A luta de pessoas transgênero pelo direito de ser e existir se dá há muito mais tempo do que aparenta. Ainda assim, desinformações acerca da causa permanecem presentes nos debates sobre o assunto. Dentre eles, a famosa descrição de pessoas trans como “pessoas que nasceram no corpo errado”, sempre acompanhada do discurso de que a hormonização e as cirurgias servem para alinhar esse corpo com a mente.
Estar “no corpo errado” significa que a sociedade compreende que a pessoa trans é de um gênero, mas o corpo dela é de outro. Esse mito anda lado a lado com o transmedicalismo, isto é, a ideia de que ser trans é uma condição médica. Neste caso, acredita-se que a transição física — as alterações realizadas no corpo — tem como objetivo adequar a aparência ao gênero da mente.
Essa definição está correta?
A ideia de “nascer no corpo errado” tem como principal base a noção de que existe um corpo masculino e um corpo feminino, sendo eles determinados em um primeiro momento com base em genitais e depois por expressões de gênero, linguagem, atividades sociais, entre outros.
Nesse viés, tal noção é problemática de berço, de modo que utilizar características físicas para definir um gênero é excludente, por exemplo, com pessoas intersexo; enquanto utilizar expressões e gostos é excludente com pessoas que não se encaixam nesses padrões, incluindo pessoas cis — não-trans.
Além disso, associar aparência a um gênero específico é discriminatório com diversas identidades de gênero não-binárias e, ainda, com gêneros étnicos, de povos que nunca adotaram a dicotomia europeia homem-mulher. A separação entre o que é ser homem e o que é ser mulher se apresenta enquanto uma construção da cisciedade — sociedade cis(normativa) — e tem como objetivo limitar a pluralidade humana, e a transgeneridade por si só é uma quebra dessas caixinhas.
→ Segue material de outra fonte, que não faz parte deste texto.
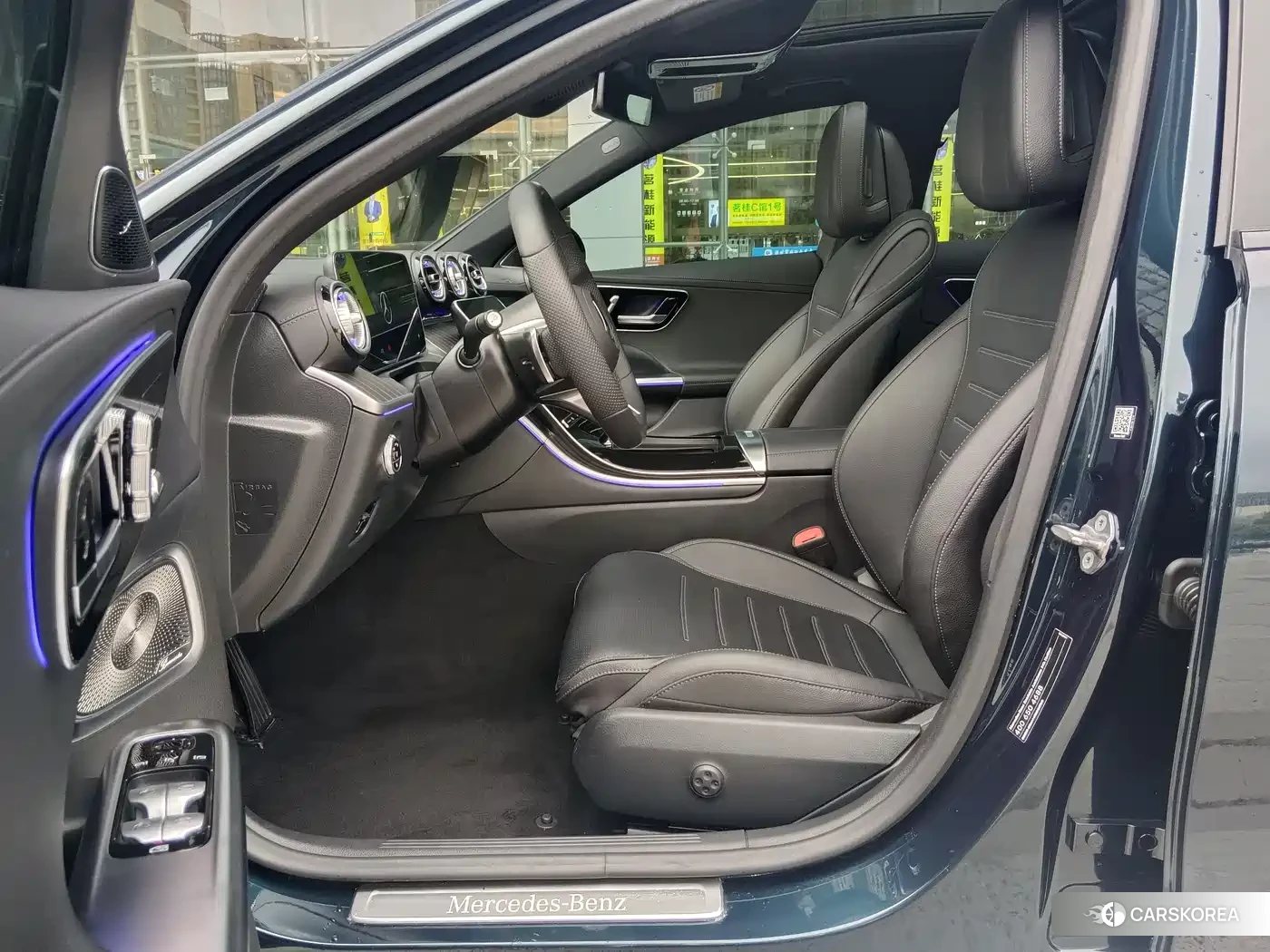 Mercedes-Benz C-class id 4546151 из Китая 15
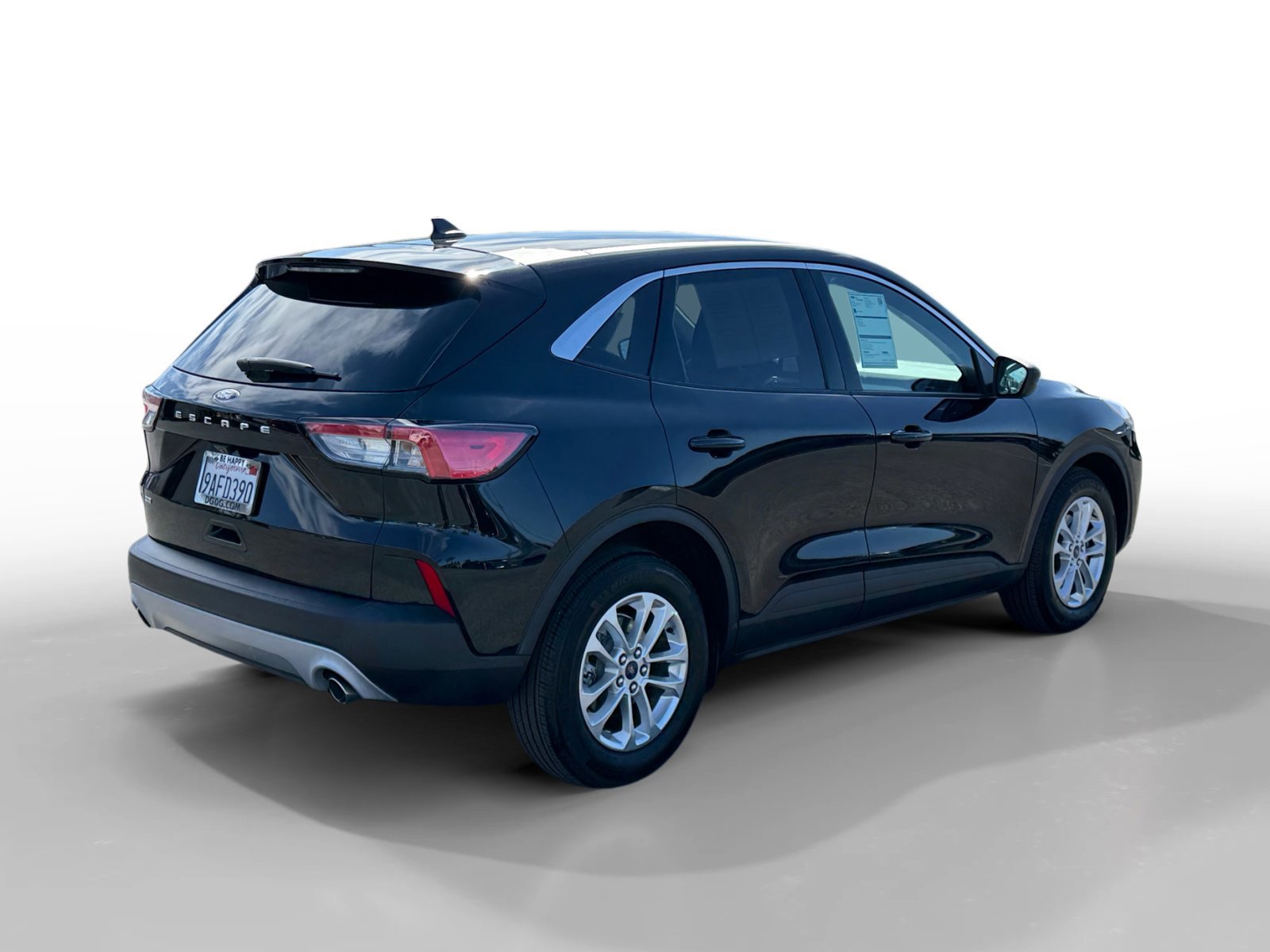 Certified 2022 Ford Escape SE image 4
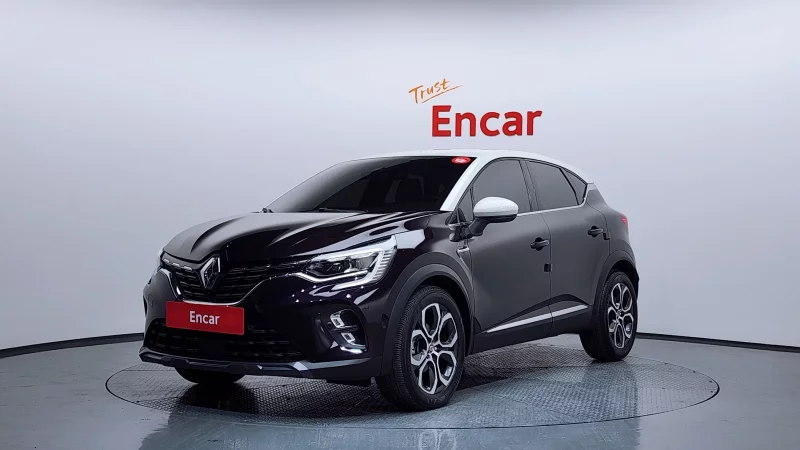 Renault Samsung Captur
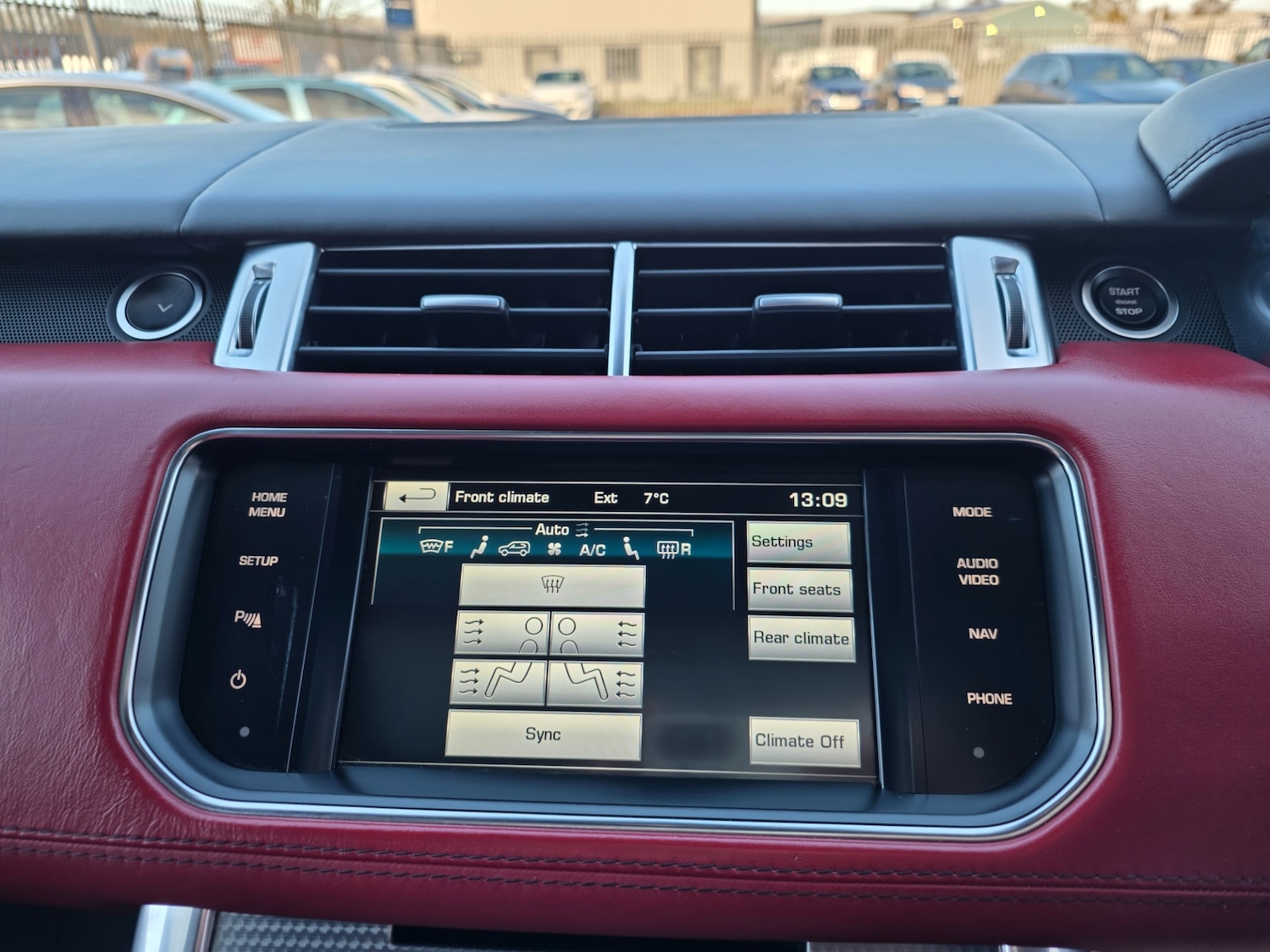 Used Land Rover Range Rover Sport 2014 for sale - 76682718: Photo 54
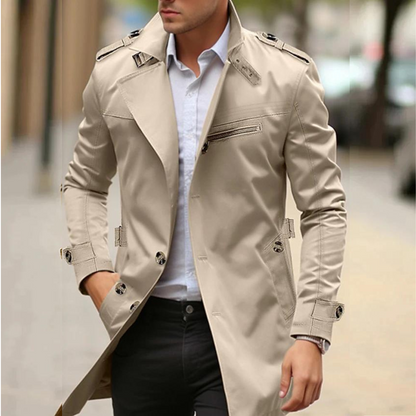 Lysandor - Stylish Casual Coat
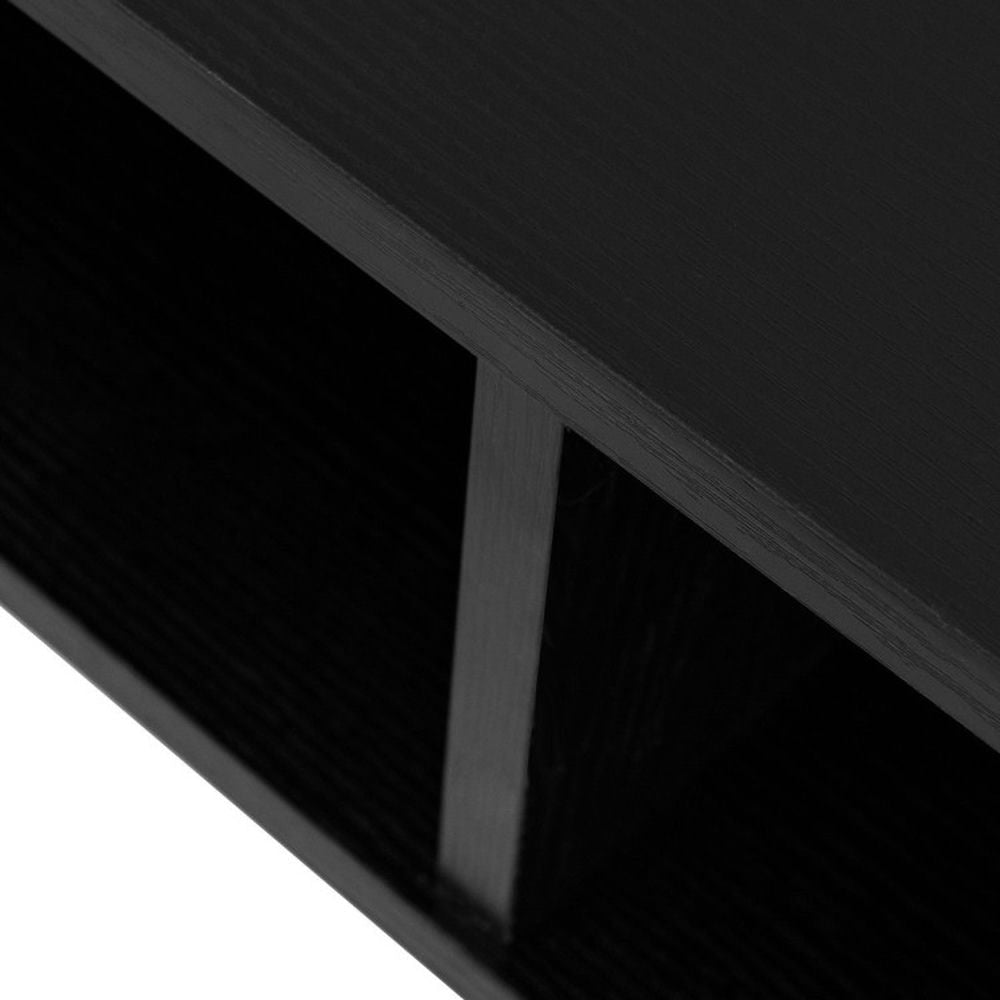 Hommoo Standing Desk,Stand up Table, Home Office Desk,Wall Mounted Floating Sturdy Computer Table with Storage Image 5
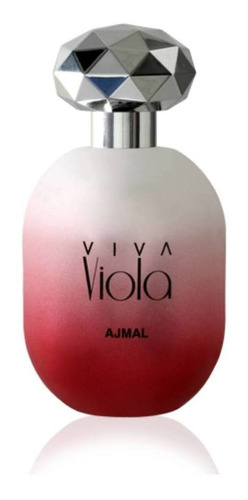 Perfume Viva Viola  edp 75 Ml Mujer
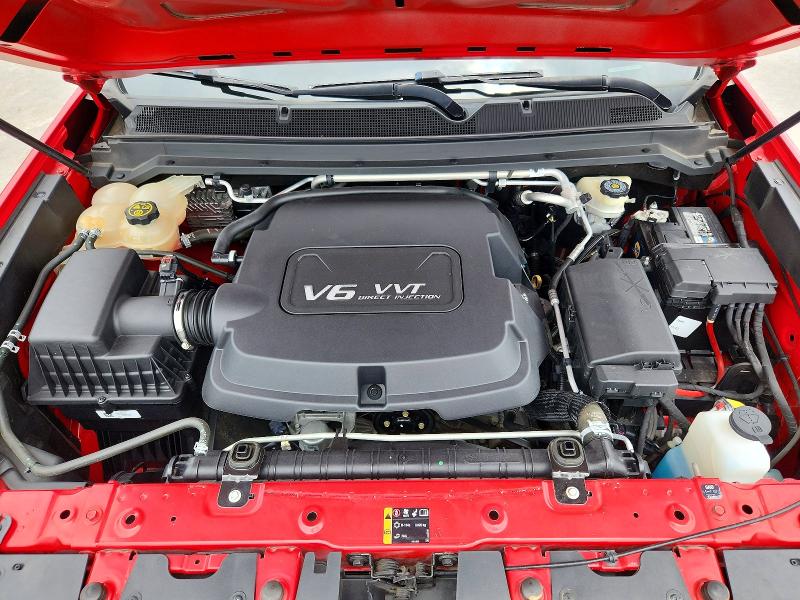 Aukcja sprzedaży 2016 Chevrolet Colorado, vin: 1GCGTBE39G1253438, numer aukcji: 55883936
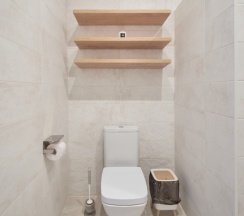 3. Улучшенный трехместный номер в Nogaev Hotel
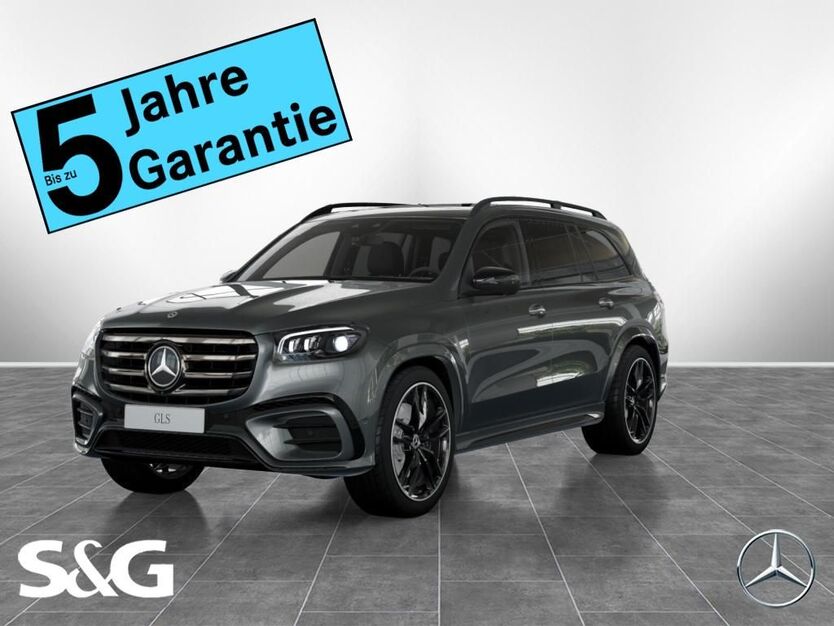 Mercedes-Benz GLS 450 13.101 km 114.699 € Halle-Sennewitz 06193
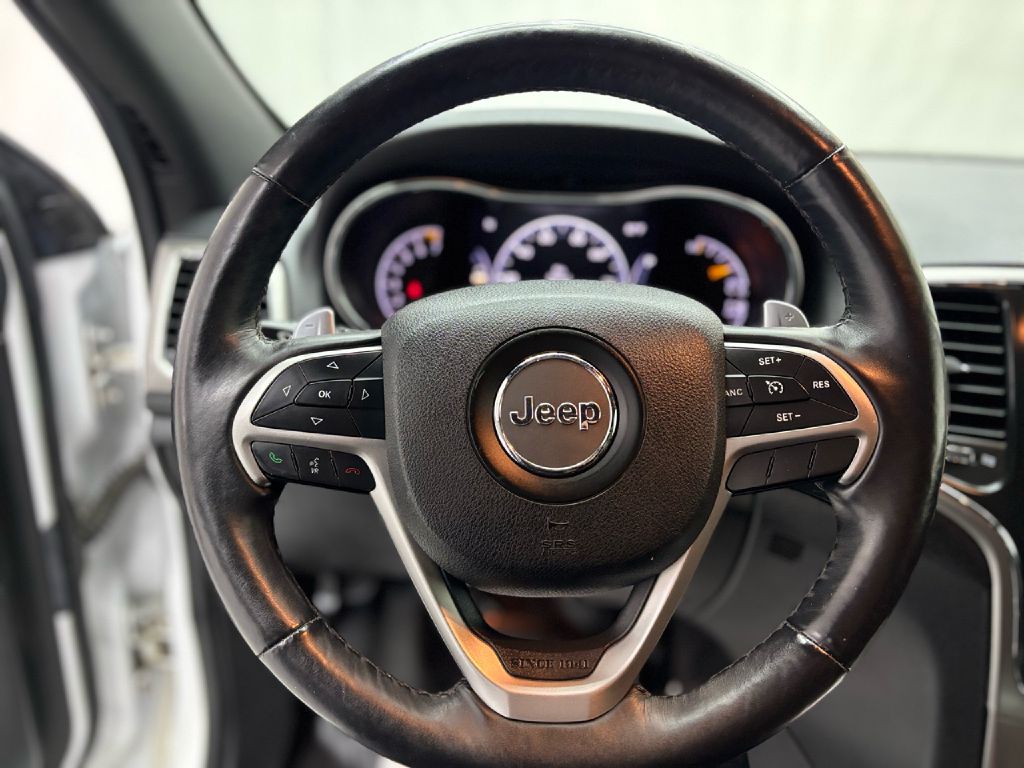 2017 Jeep Grand Cherokee Image 15
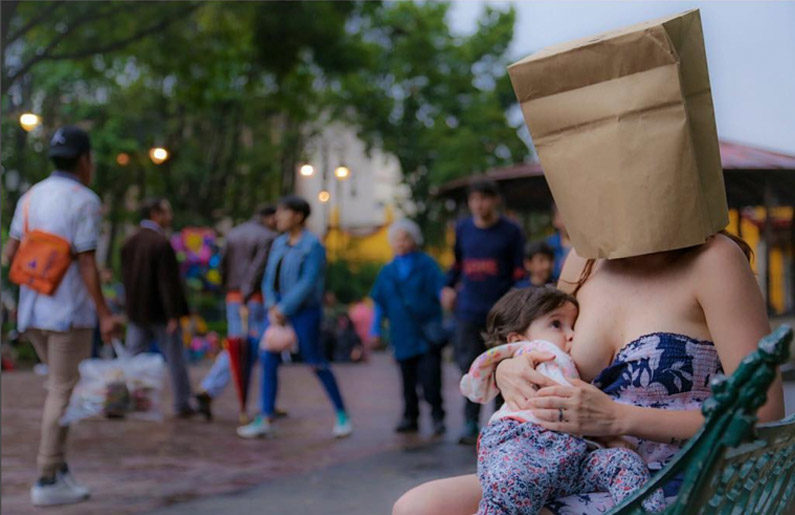 la realidad de una mamá mexicana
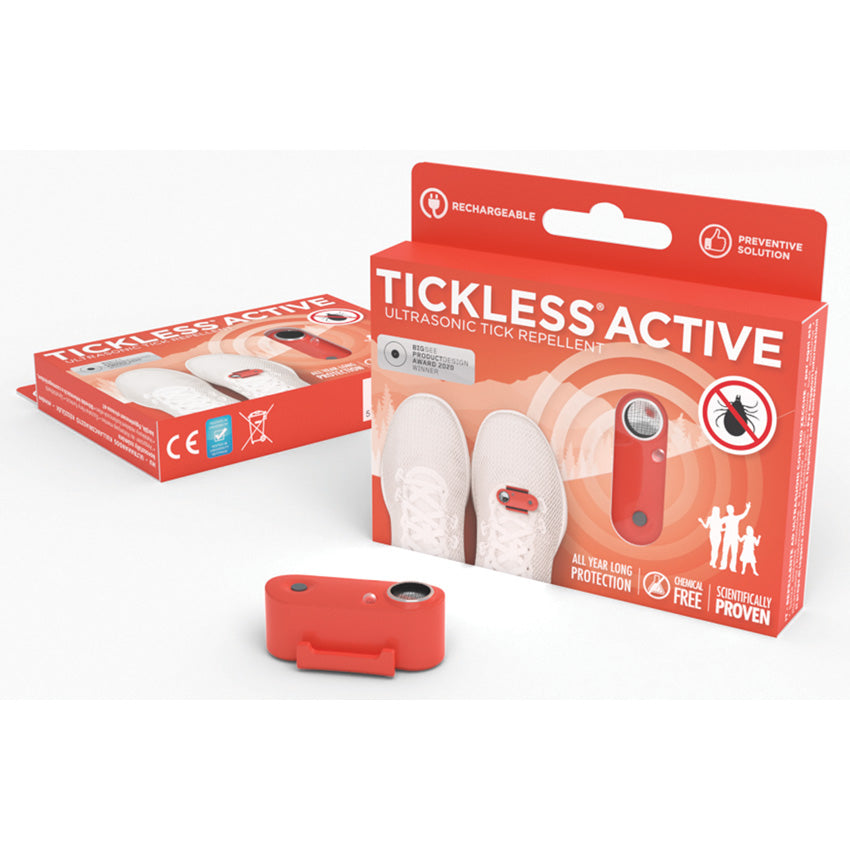 Tickless Active Repeller - PROAC01COR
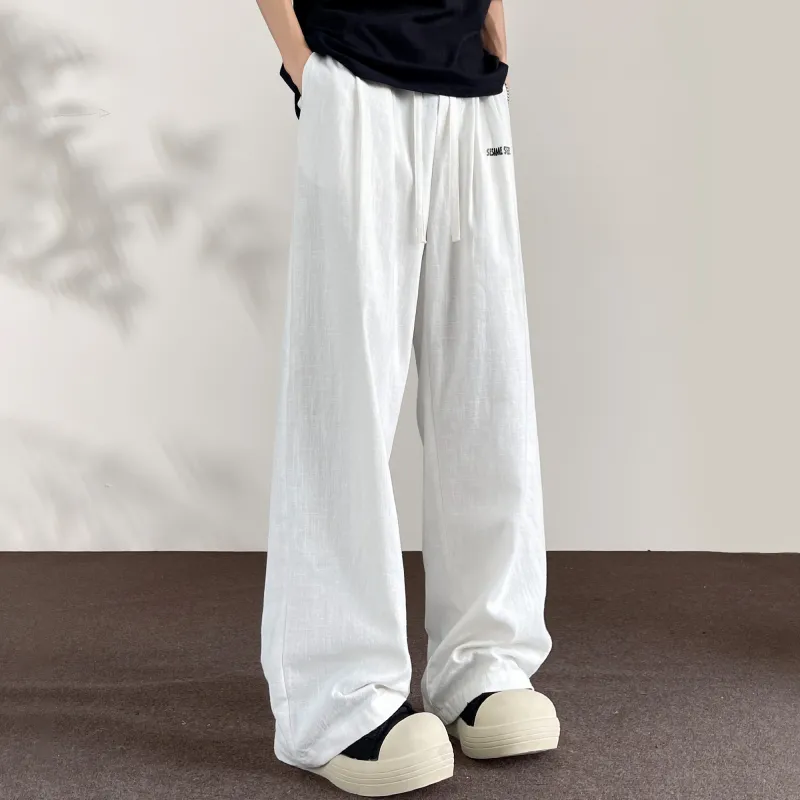 SESAME STREET Casual Pants Unisex-11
A definição de “estar prese no corpo errado” vem de um ponto de vista cisnormativo. A existência da transgeneridade, na verdade, explicita que dois grupos baseados em categorias físicas não abrangem a complexidade de 8 bilhões de pessoas e que a diversidade humana está presente em identidades e em expressões de gênero, que muitas vezes se relacionam a gostos e experiências próprias.
Isso não significa que pessoas trans não queiram transicionar fisicamente, de modo que algumas vão querer e outras não, mas sim que passar por cirurgias e hormonização não é uma condição para ser trans. O equívoco da frase encontra-se no fato de cada corpo pertencer à pessoa que o tem, sendo diverso e único — Uma mulher trans tem um corpo feminino, pois a pessoa que vive em seu corpo é uma mulher, independente de sua genitália, cromossomo, vestimenta ou da designação que recebeu quando nasceu. Pessoas trans nasceram no corpo certo, mas numa sociedade errada.